● Source data
== Segment start ==

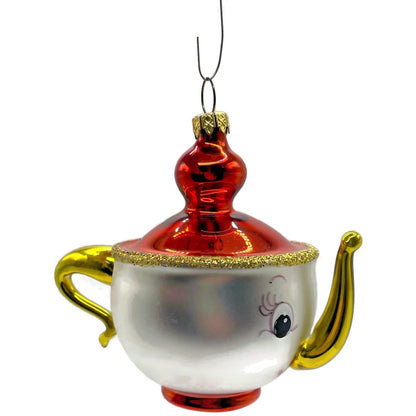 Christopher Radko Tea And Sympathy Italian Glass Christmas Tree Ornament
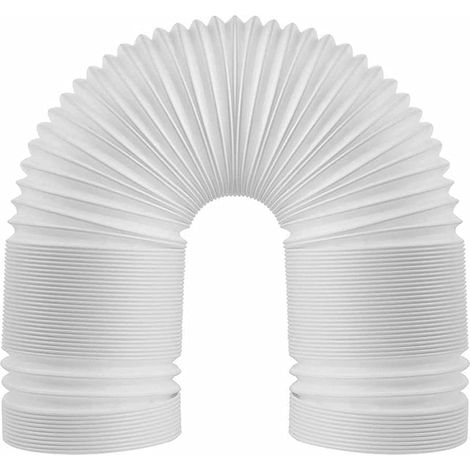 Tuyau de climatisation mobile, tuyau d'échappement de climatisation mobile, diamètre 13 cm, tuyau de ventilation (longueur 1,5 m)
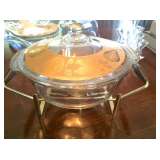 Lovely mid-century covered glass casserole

== Segment end ==

Write every line above again exactly, but leave the pictures out.

 Christopher Radko Tea And Sympathy Italian Glass Christmas Tree Ornament
 Tuyau de climatisation mobile, tuyau d'échappement de climatisation mobile, diamètre 13 cm, tuyau de ventilation (longueur 1,5 m)
 Lovely mid-century covered glass casserole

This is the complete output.